In merito al primo, consultando un po’ di letteratura già esistente Fini scrive:

«La democrazia è un metodo, una serie di regole e di procedure per determinare, attraverso elezioni rette dal criterio di maggioranza, chi devono essere i governanti cui spetta prendere decisioni valide per l’intera collettività.» (p.89)

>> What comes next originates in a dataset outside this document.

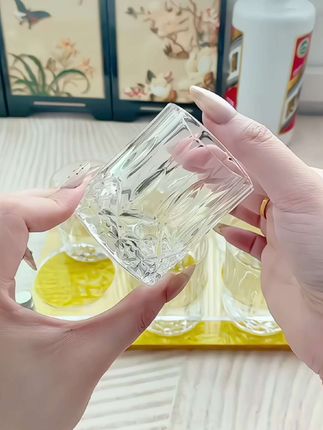 100ml二两白酒杯 描金水杯 茶杯水晶玻璃高颜值酒具 #男士宝藏单品种草激励 #玻璃酒杯 #白酒杯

Secondo la rappresentazione di sé diffusa presso i sistemi democratici (di cui Fini fa un unico fascio, e che anzi riduce agli Stati Uniti in quanto capofila, massimo modello e potenza egemone: tutte cose ormai passibili di contestazione), i punti qualificanti delle regole del gioco democratico si potrebbero condensare in: principio “un uomo un voto”, libertà del voto stesso, trasparenza dell’attività di governo, rispetto di norme e leggi, uguaglianza di tutti i cittadini di fronte alla legge, ricusazione della violenza nella soluzione dei conflitti. (Anche qui ci sarebbe molto da dire, ma perderemmo il filo del discorso principale, ovvero la coerenza del sistema).
Orbene, scrive Massimo Fini, queste norme sono regolarmente violate dai rappresentanti eletti perché il sistema non consente ai cittadini né di scegliere né di controllare l’operato dei governati, i quali formano una casta chiusa la cui unica finalità, omertosamente condivisa ed ipocritamente negata, è quella di esercitare il potere usurpando il popolo della sua sovranità per accumulare favolose quanto immeritate ricchezze.
La questione è tutt’altro che banale e meriterebbe una disamina attenta: consorterie, gruppi di interesse e lobby di vario genere che esercitano sul processo decisionale una influenza non sancita da alcuna investitura effettivamente limitano l’esercizio del potere espresso dalla sovranità popolare. Il problema del modo in cui la pone Massimo Fini è che la loro formazione è associatata alla democrazia rappresentativa eludendo alcuni interrogativi non secondari: a) La formazione di oligarchie è un portato strutturale del meccanismo rappresentativo? Si dà il caso di paesi ad ordinamento democratico in cui questo fenomeno è assente o limitato? b) È possibile introdurre norme correttive che limitino il fenomeno senza abbandonare in toto l’ordinamento democratico? c) Si tratta un fenomeno proprio delle sole democrazie rappresentative o appartiene anche ad altre, se non a tutte le forme di amministrazione del potere?
Quello di Fini tuttavia è un argomentare estremamente povero: si limita a denunciare con toni aspri l’esistenza di oligarchie, ma non le inquadra come oggetto di critica, non ne svela i meccanismi di formazione e funzionamento evidenzandone le eventuali connessioni con l’ordinamento democratico (ciò che sarebbe dopotutto l’oggetto principale del suo discorso), trovando forse più utile, più agevole, più remunerativo servirsene come bandiera e strumento retorico, ed in definitiva tirare l’acqua dell’indignazione al proprio mulino. Il discorso procede in maniera piuttosto nebulosa fra argomenti circolari e vigorosi richiami ad un passato immaginifico (Ancien Régime soprattutto: perché una volta certi soprusi i nobili non potevano permetterseli, mica come oggi, e «in fondo nei Promessi Sposi Don Rodrigo finisce per perdere la partita», p. 95) od a mondi esotici idealizzati (Nuer).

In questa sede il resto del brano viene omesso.